Servitude. A subordinate real right in favour of one property over a neighbouring property. An example is a servitude of way. (A servitude of way is a private right of way. There are also public rights of way.)

Shared plot. A plot of land that is co-owned by the owners of neighbouring property, such as an amenity area in a housing development.

Short lease. A lease for twenty years or under. Short leases cannot be registered in the Land Register.

Standover. An application for registration is said to be in standover if processing is suspended for any reason.

Subordinate real right. See real right.

Tenement. A building in which not all the units are in the same ownership. The typical tenement is a building purpose-built for residential units. But a single large house that has been split into upper and lower units, separately owned, is also a tenement. Tenements can also involve non-residential property.

Title sheet. A document setting out the title to a plot of land, divided into four sections. The A Section identifies the property and any pertinents. The B Section identifies the owner/s. The C Section sets out any heritable securities. The D Section sets out any other encumbrances.

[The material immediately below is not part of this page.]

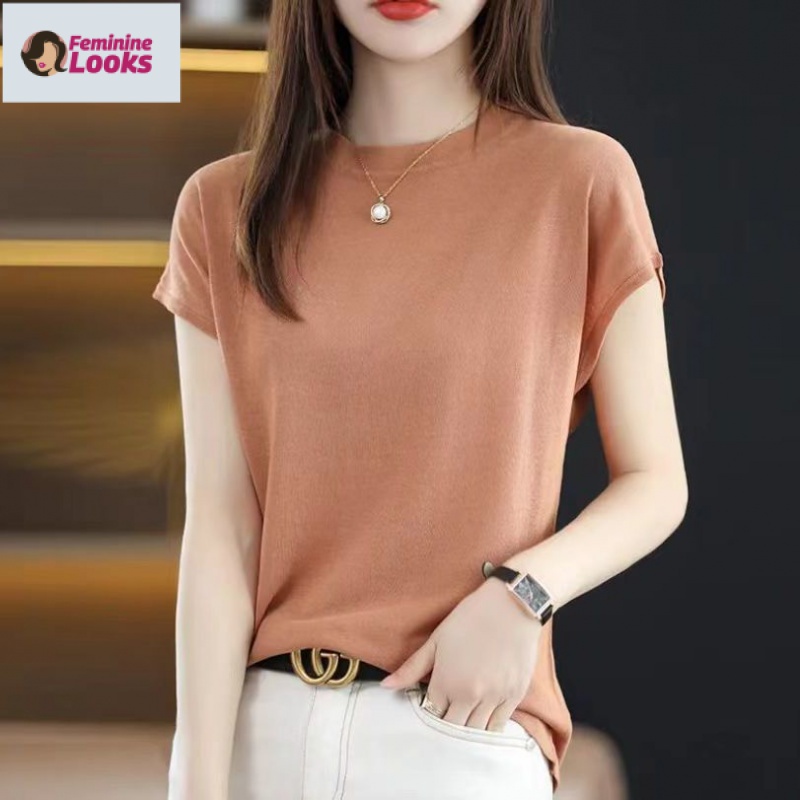 Áo Dệt Kim Mỏng Sát Nách Cổ Tròn Phong Cách Hàn Quốc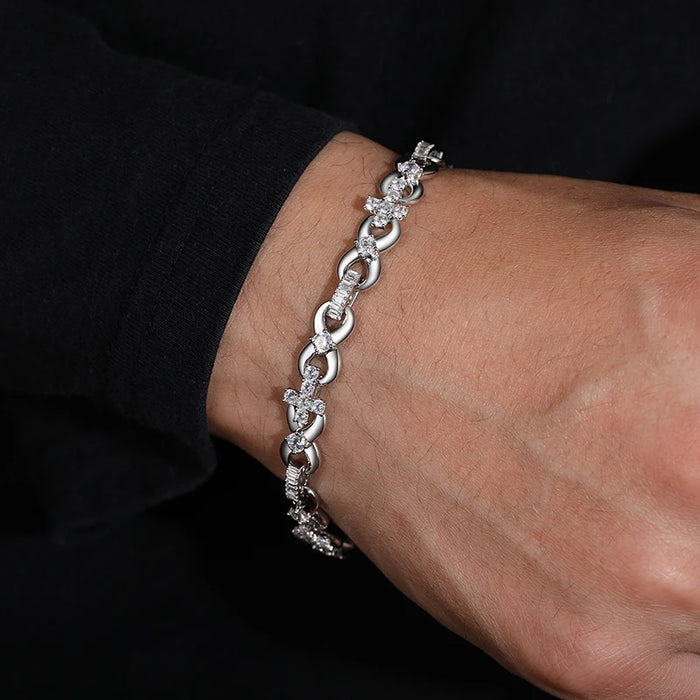 S925 Moissanite Infinity Cross Link Bracelet - Different Drips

Title Sheet Record. The set of all title sheets.

Torrens system. A system of registration of title developed in the 1850s in South Australia by Robert Torrens. Systems based on the Torrens system (of which there are many round the world) are themselves often called Torrens or Torrens-type systems. It is a system of registration of title and thus in broad terms is similar to the Scottish system.

Traditional document. The name we give to a paper document, as opposed to an electronic document.

Transactional error. An inaccuracy on the Register resulting from the acquirer's own transaction (for example, a forged deed). Compare Register error.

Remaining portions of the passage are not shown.